BLUNDERS OF THE TIMES

NEW TIMES, 6 JUNE, 1827, P. 3

This letter, Mill’s only one to the New Times (which he calls “a Tory paper” in No. 41), is also his first to a newspaper editor for almost two years. The New Times frequently criticized The Times (which it often called “The Old Times”); see, e.g., 24 May, 1827, p. 2, and 31 May, p. 3. Mill’s letter, headed “To the Editor of the New Times,” is described in his bibliography as “A letter on the blunders of the ‘Times’ newspaper which app. in the New Times of 6th June 1827, signed A.B.”

(MacMinn, p. 8).

sir,

Having frequently admired the happy irony with which you expose the profound ignorance and ludicrous self-importance of the Times, I address to you a few lines on the new specimen which it has recently afforded of these qualities.

In one of its late articles, it is pleased to place under the ban of its censure, persons, whom it designates, with characteristic elegance of language, as “those louts and coxcombs united, the landlords, and political economists.”

The poor farmers, [it adds,] have been dragooned into all these petitions against the new Corn Bill, for the mere purpose of keeping up rents, by those two factions of men, whom we above cited; the one, duller than the earth they tread; and the other, a mere batch of fantastical coxcombs, incapable of attaining literature, or fathoming science; and, therefore, distorting and sophisticating common sense, by every kind of paradox and extravagance.1

Leaving, Sir, the defence of the landlords in your hands, which are much more capable of doing it justice than mine, I request your attention to the following sentence, extracted from the very next paragraph to that of which I have already quoted the conclusion:

We are well assured, that there is no resting place for our feet; there is no firm principle upon which our commercial pre-eminence can be based, or even the landed community rest free from shocks, but the unrestricted and untaxed circulation of all the necessaries of life, both for man and beast, throughout the world; and to this point we hope our steps are tending.

I now submit two questions, not to the Editor of the Times, but to every man, who is capable of being disgusted by insolent and ignorant charlatanerie.

1. Here is the Times, professing itself a determined partisan of the most extreme of all the extreme opinions, which were ever maintained by ultra-political economists on the Corn Laws, and, in the same breath, declaring, that the political economists are “fantastical coxcombs,” “louts and coxcombs united,” for professing the same opinion on the same subject. I ask, then, is not that Journal admirably qualified for the office of a public instructor, which ridicules men for their opinions without knowing that their opinions are the same with its own?

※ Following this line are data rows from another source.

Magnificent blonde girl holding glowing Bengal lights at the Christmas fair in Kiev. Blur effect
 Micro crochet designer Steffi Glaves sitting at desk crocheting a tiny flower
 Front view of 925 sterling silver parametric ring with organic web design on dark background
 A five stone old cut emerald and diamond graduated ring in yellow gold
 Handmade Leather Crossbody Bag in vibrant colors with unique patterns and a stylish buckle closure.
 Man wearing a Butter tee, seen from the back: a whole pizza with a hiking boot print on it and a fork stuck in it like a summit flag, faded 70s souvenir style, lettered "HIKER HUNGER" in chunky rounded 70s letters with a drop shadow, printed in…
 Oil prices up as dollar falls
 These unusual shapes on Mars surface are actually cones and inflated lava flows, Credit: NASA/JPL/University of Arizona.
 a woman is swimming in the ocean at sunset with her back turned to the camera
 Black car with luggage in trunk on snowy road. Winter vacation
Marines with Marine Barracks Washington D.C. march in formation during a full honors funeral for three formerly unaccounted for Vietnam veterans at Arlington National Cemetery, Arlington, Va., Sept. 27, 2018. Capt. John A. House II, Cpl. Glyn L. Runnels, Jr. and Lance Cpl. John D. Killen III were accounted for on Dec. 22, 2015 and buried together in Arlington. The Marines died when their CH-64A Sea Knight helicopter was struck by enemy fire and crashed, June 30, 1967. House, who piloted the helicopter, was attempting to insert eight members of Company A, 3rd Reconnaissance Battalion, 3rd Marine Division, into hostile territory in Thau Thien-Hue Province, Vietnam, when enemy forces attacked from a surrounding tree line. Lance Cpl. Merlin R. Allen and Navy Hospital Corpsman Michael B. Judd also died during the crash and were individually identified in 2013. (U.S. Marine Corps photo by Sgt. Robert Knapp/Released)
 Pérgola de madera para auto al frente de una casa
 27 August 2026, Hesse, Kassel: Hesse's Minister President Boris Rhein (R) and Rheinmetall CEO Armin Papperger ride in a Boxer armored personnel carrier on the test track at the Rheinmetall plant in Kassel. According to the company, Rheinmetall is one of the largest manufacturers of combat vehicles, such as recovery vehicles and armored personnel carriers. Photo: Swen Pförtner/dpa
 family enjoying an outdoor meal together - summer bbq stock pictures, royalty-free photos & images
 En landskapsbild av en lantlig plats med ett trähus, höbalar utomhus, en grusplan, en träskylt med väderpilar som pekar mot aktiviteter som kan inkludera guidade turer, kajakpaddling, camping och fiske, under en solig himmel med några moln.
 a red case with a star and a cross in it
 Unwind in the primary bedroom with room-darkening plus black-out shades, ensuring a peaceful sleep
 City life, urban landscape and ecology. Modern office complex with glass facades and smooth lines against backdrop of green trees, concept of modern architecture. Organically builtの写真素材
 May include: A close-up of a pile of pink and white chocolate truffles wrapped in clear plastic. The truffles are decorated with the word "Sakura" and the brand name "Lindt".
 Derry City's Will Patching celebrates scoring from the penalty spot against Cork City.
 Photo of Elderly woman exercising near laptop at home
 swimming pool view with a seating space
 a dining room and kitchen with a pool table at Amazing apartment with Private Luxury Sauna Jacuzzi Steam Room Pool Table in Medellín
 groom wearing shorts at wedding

My other question is, whether the accusation of being “incapable of fathoming science” does not come with an admirable grace from the Journal, which, only a few months ago, expressed the utmost surprise that the expectation of a war should have depressed the Funds?2 That the expected creation of an immense quantity of new Stock, by new Loans, should lower the price of the Stock already in existence, was too recondite a truth for this sage, who, nevertheless, thinks himself entitled to trancher du maître, and denounce others as ignorant of science!

Your Constant Reader,

A.B.

[1 ]Leading article on the Corn Bill, The Times, 28 May, 1827, p. 2. “A Bill to Permit, until 1st May, 1828, Certain Corn, Meal, and Flour to Be Entered for Home Consumption,” 7 & 8 George IV (19 June, 1827), PP, 1827-28, II, 573-6, was passed by both Houses in June, and enacted as 7 & 8 George IV, c. 57 (1827).

[2 ]See “The Money Market,” The Times, 13 Mar., 1827, p. 3.